ところで、普段はどうにもわかりにくいジョークばかりをぶっこんでくるcider_kondo氏が、今回ばかりはどうしてこんなにも丁寧にネタを綴ってきたのかも気になるところ。そんなに「まんこくさい」言いたかったんだろうか。

 

 

 

はい。そういうことです。

別に3作である必要はなかったんだけど、結果的に3作になったというだけ。もっと数多く掲載するのは、誰か他の人に任せればいいだろう。だけど、そこに感じた面白みというのは人それぞれに異なるもので、それを書き綴るということはきっと私にしかできないことであって、私のブログはそういうことに費やしたい。どうしても私の選んだ他のコメントを見たいという奇特な人が万が一にもいたら、ブックマーク[ベストブコメ’18]タグを見てください。でもそうではなくて、ここには私の言葉で私の思いを綴ることにこそ意味があるんだと思うんだ。

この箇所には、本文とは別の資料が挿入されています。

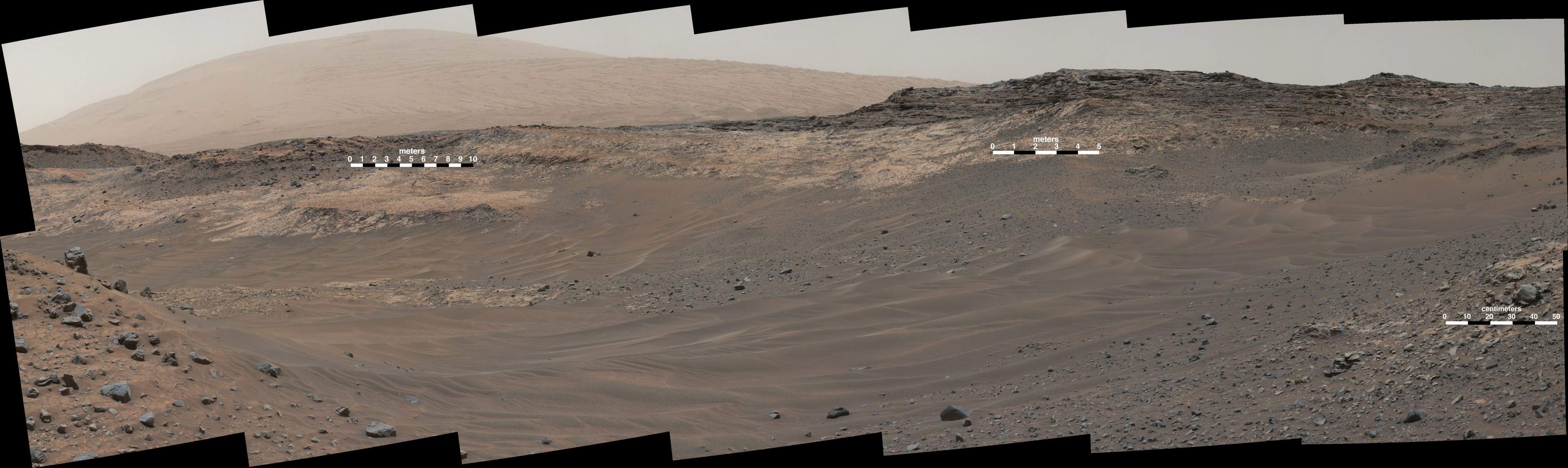 This May 10, 2015, view from Curiosity's Mastcam shows terrain judged difficult for traversing between the rover and an outcrop in the middle distance where a pale rock unit meets a darker rock unit above it. The rover team decided not to approach this outcrop and identified an alternative.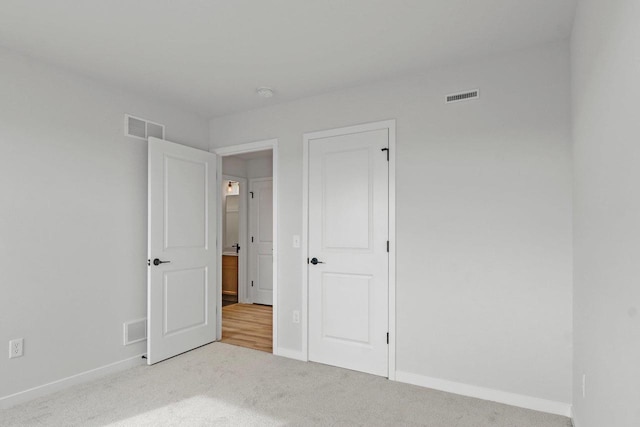 N6285 Blarney Stone Dr, Albany, WI 53520 - unfurnished bedroom featuring baseboards, visible vents, and carpet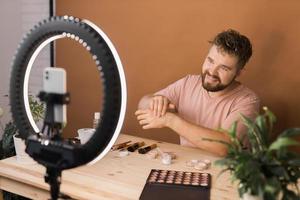 hombre hacer arriba vlogger grabación transmitir acerca de productos cosméticos y tutoriales para maquillaje artista foto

 さて、この一年を振り返ってみると、はてな界隈での一番大きなニュースは、上でも挙げたhagex氏の事件だろうか。被害者・加害者ともにはてなユーザーであり、殺されたのは有名ユーザーでもあり、インターネットの狭い界隈ではかなりセンセーショナルに取り上げられた。有名ユーザー同士で交流のあった人たちには特にそうだろう。他方の低能先生は知る人ぞ知る人物に過ぎず、私もその存在は知っていはしたけれど詳しくはないし、増田の低能先生とブックマークでidコールしてくる荒らしが同一人物だとは思ってもいなかった。そんな低能先生を知りもしないくせに勝手に批判したり、あるいは同情したりする言説が増田では数多く飛び交っていた。明らかに間違いであるのに、反駁できるほどの情報が無いときのもどかしさよ。

もうひとつ大きなニュースは、はてなダイアリーと、はてなハイクの終了だろう。管理にコストだけかかって利益の見込めないサービスを継続するのは大変だろうことは理解できる。ダイアリーにははてなブログという後継サービスがあり、はてなハイクはそもそも利用ユーザーが少ない。企業の判断としては当然かもしれない。しかし、はてな社はいったいどこに行きたいんだろうという疑念は残る。はてなブックマークもリニューアルという言葉ばかりが歩き続け、しかし実態は機能の削減ばかりだ。RSSリーダーの開発においても目立った進展は発表されないままだ。現状で利益を押し上げているBtoBに力点を置いて、BtoCはこのまま縮小していくのだろうか。せっかく上場したのに独自ブランドを切り捨てて、下請け企業となっていくのだろうか。